WASHINGTON — Congress appears poised to outlaw revenge porn in the military by the end of the year, after senators included the provision in their draft of the annual defense authorization bill this week.

Similar language was included in the House draft of the budget policy measure earlier this summer. Although technical differences will have to be sorted out as the measure goes through conference committee work, the intention of both chambers on the issue is clear.

“Whether it’s in the barracks or on the internet, degradation and intimidation of our service members is a serious crime that threatens good order and discipline, and we’ve got to give our military the tools it needs to treat it that way,” said Sen.
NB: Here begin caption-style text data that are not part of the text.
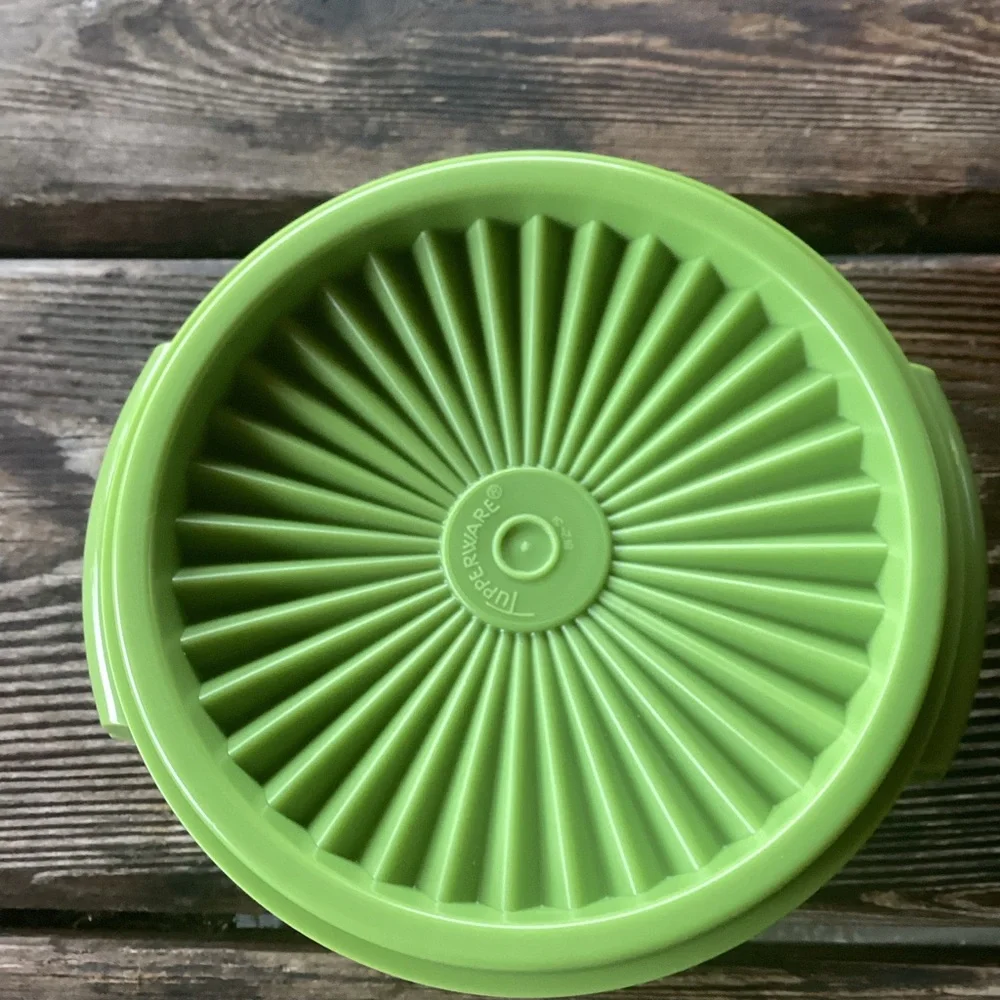 Tupperware Servalier Bowl in green - capacity 1.25 cups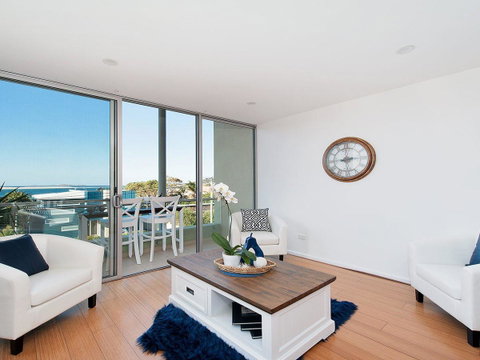 Blue View @ Fingal Bay - Surfers Gold Coast 5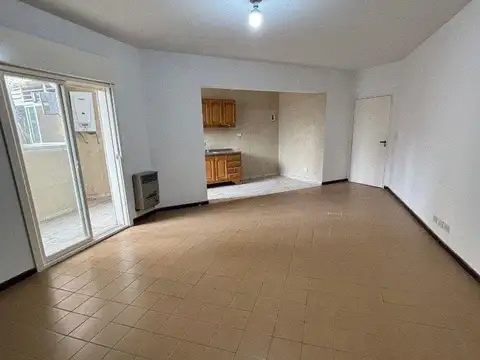 Venta de Departamento 4 Ambientes, San Miguel.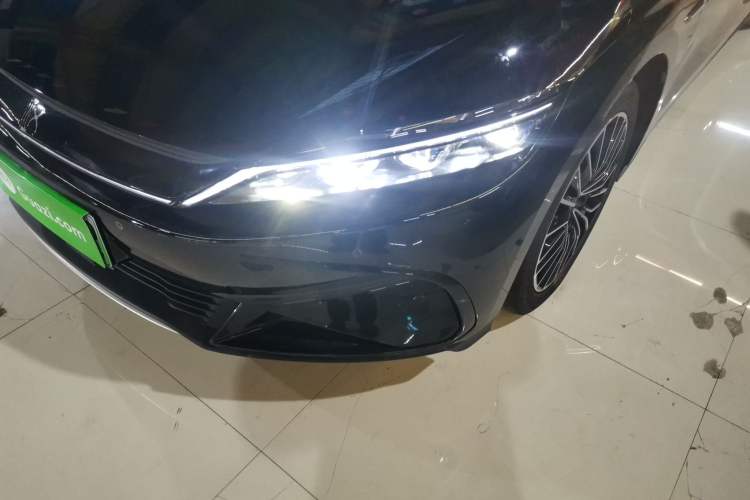 Used BYD Han 2024 EV Glory Edition 506KM Front-Wheel-Drive Premium Model
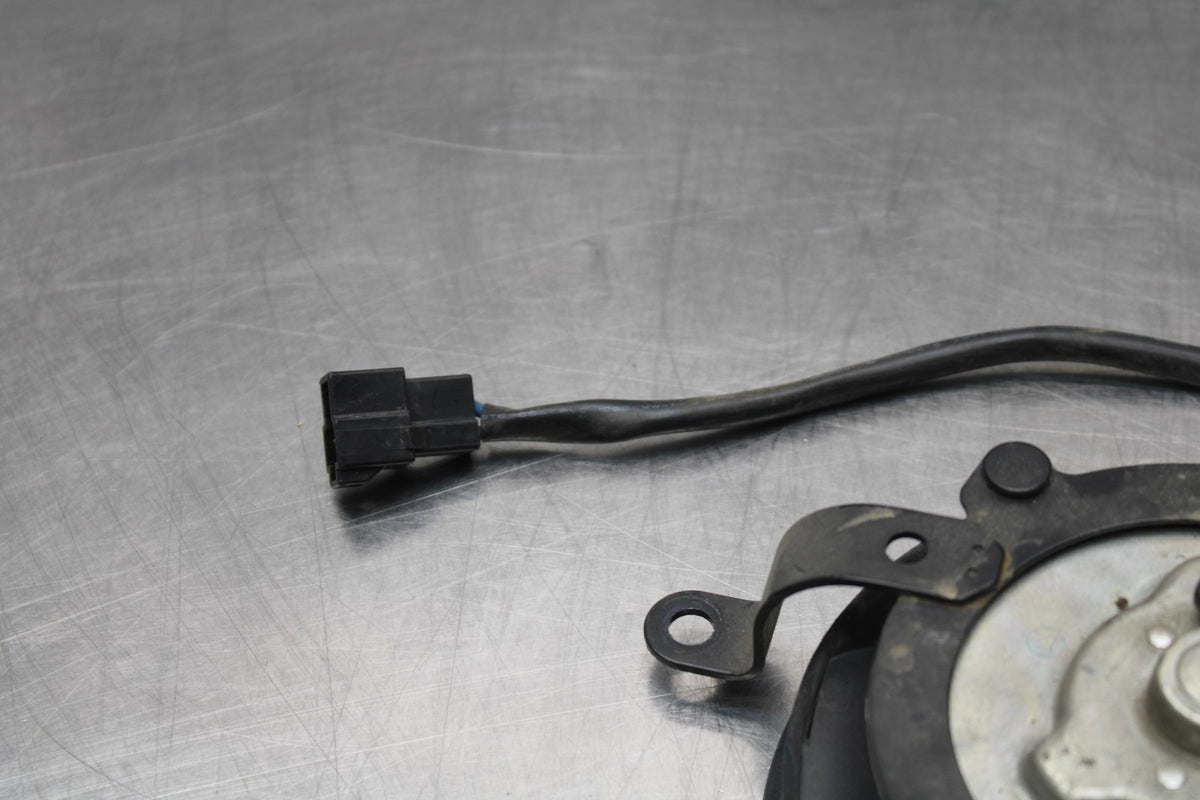 05 YAMAHA YZF R6 RIGHT ENGINE RADIATOR COOLING FAN MOTOR BB858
Clare McCaskill, D-Mo., one of the sponsors of the Senate provision.

“This will enable us to better go after these bad actors and ensure justice for victims of these exploitative crimes.”

In March, a story first reported by the website the War Horse about active-duty Marines sharing nude pictures of female colleagues prompted congressional investigations and promises from military officials of a crackdown against sexism and misogyny in the ranks. The work uncovered numerous online sites where pictures were distributed, with hundreds of current and former service members as members.

But few of those involved have faced criminal prosecution. In July, one Marine pled guilty at a summary court-martial to sharing explicit pictures and was sentenced to 10 days’ confinement, a reduction in rank and dismissal from the military.

His punishment appears to be the most severe of anyone involved in the scandal. At least two others have been dismissed from the military, and at least 29 others received lesser punishments.

Outside advocacy groups have attacked the military for too-light handling of the cases, saying the privacy violations amount to serious crimes and devastate unit morale.

Military officials have responded that military regulations at the time did not specify sharing nude photos of colleagues without their permission as a crime, limiting their response options.

Since the spring, all of the services have updated their codes of conduct to better define punishments for the activity.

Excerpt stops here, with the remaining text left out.